I cannot read financial statements and haven’t bothered to learn how to analyse balance sheets and P&L statements. But what I always track is the cashflow. Cash is the oxygen of every business. Without cash, you cannot pay salaries or vendors. And that creates a negative spiral from which it can be very difficult to recover.

It is possible to be profitable and yet have cash challenges if you do not get your payments on time. In India, this is especially difficult because of four issues. First, customers take their own sweet time to pay – 90-120-150 day payment cycles are not uncommon. Second, salaries, rents and even some vendors expect to be paid on time. Third, statutory payments to the government have to be made on schedule. Fourth, because rule of law doesn’t exist in India (justice delayed is justice denied), higher write-offs are a reality of life.

What this means is that the business needs some working capital. That can either come from past profits or one has to raise it externally. Growth also requires deploying additional capital since there is a gap between money coming in (later) and money going out (early).
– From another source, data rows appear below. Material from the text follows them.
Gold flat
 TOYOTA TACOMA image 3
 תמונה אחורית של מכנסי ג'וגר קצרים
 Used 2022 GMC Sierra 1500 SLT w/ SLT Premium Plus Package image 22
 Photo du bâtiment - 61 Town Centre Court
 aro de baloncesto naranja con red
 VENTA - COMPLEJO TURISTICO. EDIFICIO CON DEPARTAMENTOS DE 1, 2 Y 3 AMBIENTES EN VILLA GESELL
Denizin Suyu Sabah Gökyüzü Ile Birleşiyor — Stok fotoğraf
That is why in IndiaWorld I was very keen to make the business cashflow positive as soon as possible. In the early days, subscriptions and website development fees sustained the business until advertising took off. We kept a sharp eye on our cashflows to ensure we never would get squeezed for cash.

I had learnt these lessons in my childhood – writing a daily cash diary for my mother. Each month, my father would give her a certain amount for household expenses. At the end of each day, she and I would sit and write down all the day’s expenses under different headings and calculate the amount left for the month. This way, there would be no surprises until the next cash inflow came when my father got paid at the start of the following month.

No proficorn can be built without attention to cashflows from the early days. And once there is a cash buffer available, keep it safe in liquid investments so it is always accessible. Take the risks in business, but not with your hard-earned cash.

Will be continued soon.

My Proficorn Way (Part 19)

Punctuality

One of the good things that the lockdown has done is to make us Indians punctual! There is zero travel time so no traffic excuses. All one has to do is to click a link to join a meeting from home – so it becomes harder to be late. “My previous meeting ran over” can only work so many times.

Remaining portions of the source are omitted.